▶ _EXTRACTED DATA_:
- - - -
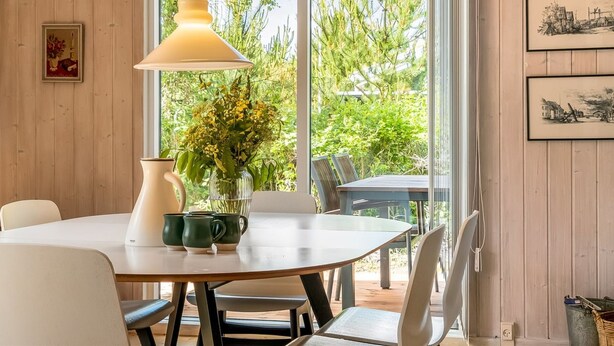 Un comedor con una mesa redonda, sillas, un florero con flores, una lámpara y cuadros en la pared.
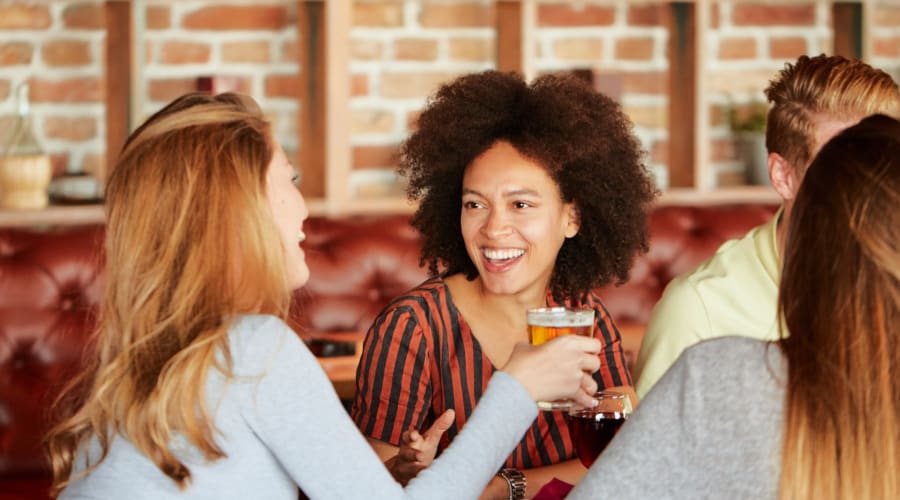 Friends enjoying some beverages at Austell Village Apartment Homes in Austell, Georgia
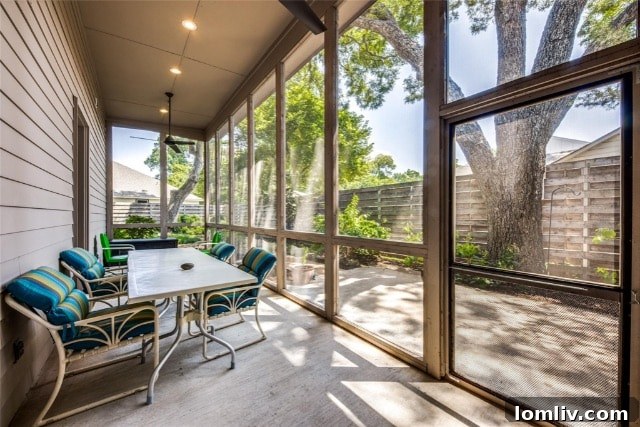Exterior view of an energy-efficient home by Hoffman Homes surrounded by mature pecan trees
- - - -
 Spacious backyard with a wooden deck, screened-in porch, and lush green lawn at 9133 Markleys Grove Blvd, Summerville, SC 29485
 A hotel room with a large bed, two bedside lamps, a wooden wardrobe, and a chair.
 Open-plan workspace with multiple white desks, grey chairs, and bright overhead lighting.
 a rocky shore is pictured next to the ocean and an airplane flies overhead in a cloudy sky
- - - -
▶ _YOUR OBJECTIVE_:
Give back one number only: the count of lines in the entries that hold the string "with".

▶ _RESULT OF THE EXERCISE_:
3